# [TASK REQUIREMENTS]
Among the entries below, one line contains "Doings Quotes By" and another contains "Messi made contact". Transcribe those two lines and every line between them, exactly.

*** Opening of INFORMATION PROVIDED ***

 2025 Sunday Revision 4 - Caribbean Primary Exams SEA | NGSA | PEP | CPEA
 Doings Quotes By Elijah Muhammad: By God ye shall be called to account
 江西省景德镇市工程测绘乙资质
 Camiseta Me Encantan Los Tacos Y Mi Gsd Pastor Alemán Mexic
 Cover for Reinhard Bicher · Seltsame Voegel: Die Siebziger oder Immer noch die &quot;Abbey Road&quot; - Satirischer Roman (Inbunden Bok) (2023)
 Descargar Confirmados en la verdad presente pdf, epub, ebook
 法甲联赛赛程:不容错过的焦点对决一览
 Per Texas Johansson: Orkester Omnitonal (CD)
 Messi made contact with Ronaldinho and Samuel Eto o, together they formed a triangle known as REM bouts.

*** Close of INFORMATION PROVIDED ***
*** Opening of INFORMATION PROVIDED ***

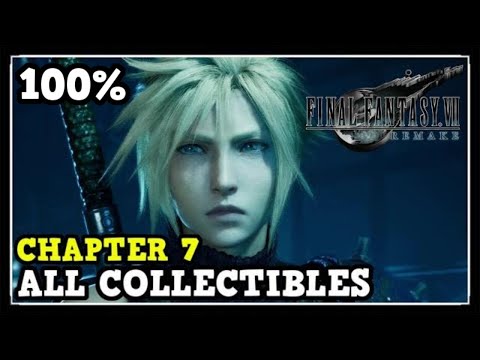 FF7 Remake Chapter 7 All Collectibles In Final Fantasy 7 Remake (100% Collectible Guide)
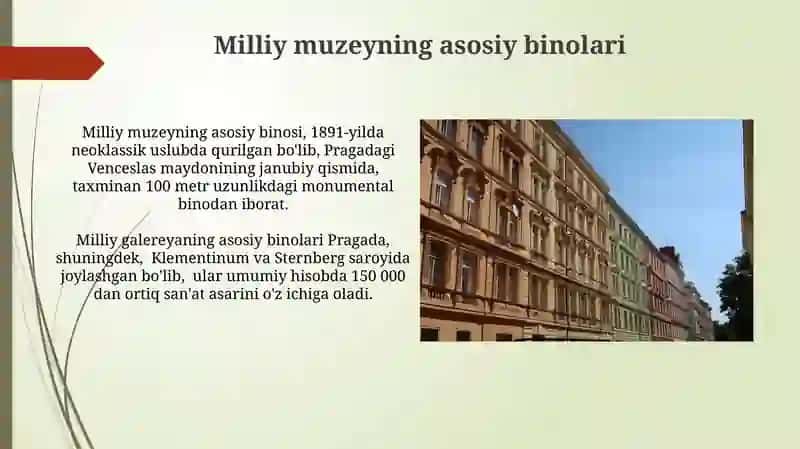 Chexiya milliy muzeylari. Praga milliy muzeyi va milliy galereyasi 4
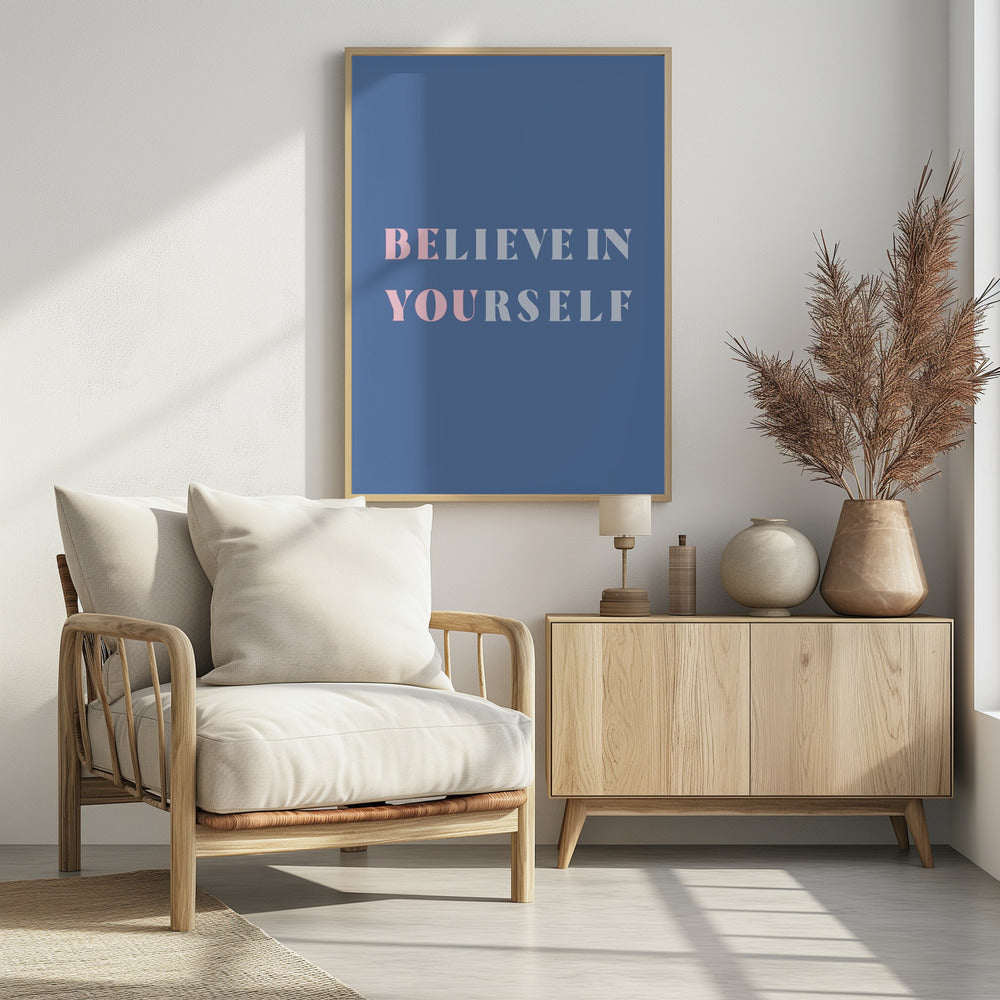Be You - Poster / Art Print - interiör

*** Close of INFORMATION PROVIDED ***

# [SOLUTION TO THIS TASK]
 Doings Quotes By Elijah Muhammad: By God ye shall be called to account
 江西省景德镇市工程测绘乙资质
 Camiseta Me Encantan Los Tacos Y Mi Gsd Pastor Alemán Mexic
 Cover for Reinhard Bicher · Seltsame Voegel: Die Siebziger oder Immer noch die &quot;Abbey Road&quot; - Satirischer Roman (Inbunden Bok) (2023)
 Descargar Confirmados en la verdad presente pdf, epub, ebook
 法甲联赛赛程:不容错过的焦点对决一览
 Per Texas Johansson: Orkester Omnitonal (CD)
 Messi made contact with Ronaldinho and Samuel Eto o, together they formed a triangle known as REM bouts.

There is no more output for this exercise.